Authors: Davide Cozzolino, Andreas Rössler, Justus Thies, Matthias Nießner, Luisa Verdoliva

Published: 2020-12-04 10:43:16+00:00

AI Summary

ID-Reveal is a deepfake detection method that learns temporal facial features specific to how a person moves while talking, using metric learning and adversarial training. It doesn't require training data of fakes, only real videos, and is robust to post-processing effects, showing improved generalization and robustness to low-quality videos compared to state-of-the-art methods.

Abstract

A major challenge in DeepFake forgery detection is that state-of-the-art algorithms are mostly trained to detect a specific fake method. As a result, these approaches show poor generalization across different types of facial manipulations, e.g., from face swapping to facial reenactment. To this end, we introduce ID-Reveal, a new approach that learns temporal facial features, specific of how a person moves while talking, by means of metric learning coupled with an adversarial training strategy.
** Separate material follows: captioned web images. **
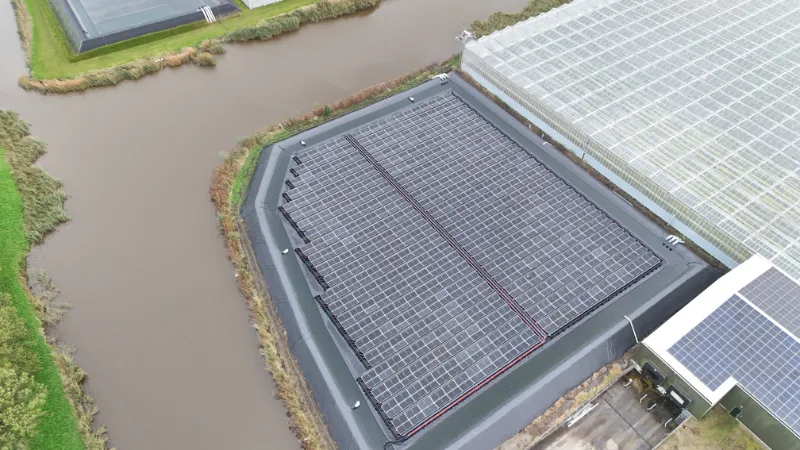 Kwekerij Het Kraaiennest 02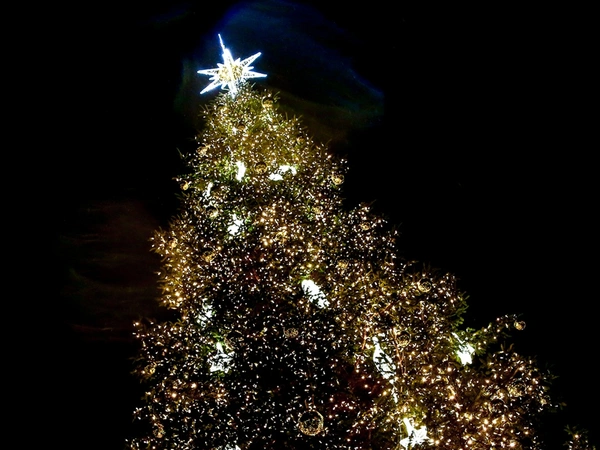 Υπάρχει τελικά η «κατάθλιψη των Χριστουγέννων»; – Κλινικός ψυχολόγος εξηγεί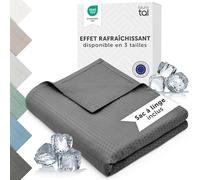 Blumtal Couverture rafraichissante 120x100 cm - Plaid certifiée Oeko-TEX en Fibre de Bambou - Couette ete Auto-rafraîchissante - Couette canapé Respirante - Couverture de qualité Premium - Anthracite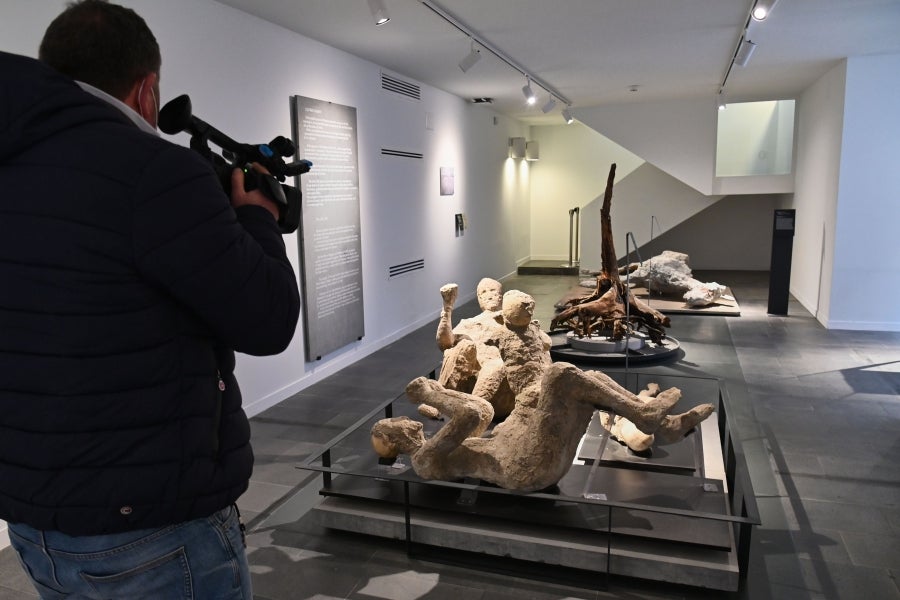 La ciudad romana de Pompeya, un vasto sitio arqueológico ubicado en la región de Campania, es el lugar de trabajo de decenas de arqueólogos e historiadores que, campaña tras campaña, desentierran el pasado de la ciudad que, en el año 79 d.C. quedó enterrado bajo metros de cenizas tras la erupción del monte Vesubio.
The advantage is that we do not need any training data of fakes, but only train on real videos. Moreover, we utilize high-level semantic features, which enables robustness to widespread and disruptive forms of post-processing. We perform a thorough experimental analysis on several publicly available benchmarks. Compared to state of the art, our method improves generalization and is more robust to low-quality videos, that are usually spread over social networks. In particular, we obtain an average improvement of more than 15% in terms of accuracy for facial reenactment on high compressed videos.


Key findings
ID-Reveal significantly outperforms state-of-the-art methods, achieving more than a 15% average accuracy improvement on facial reenactment in high-compression videos. The method shows improved generalization across different manipulation types and robustness to low-quality videos commonly found on social media. The approach successfully leverages identity-specific features to improve deepfake detection.
Approach
ID-Reveal uses metric learning to learn temporal facial features from real videos only. It trains a Temporal ID Network to embed features and a 3DMM Generative Network adversarially to ensure focus on temporal behavior. During testing, it compares a test video's embedding to a reference video's embedding to detect inconsistencies.
Datasets
UNKNOWN, but the abstract mentions several publicly available benchmarks and uses a large dataset of real videos for training. The paper references DFDC and FaceForensics++ datasets in the experimental analysis section.
Model(s)
Temporal ID Network, 3DMM Generative Network, 3D Morphable Model (3DMM) for feature extraction.
Author countries
Italy, Germany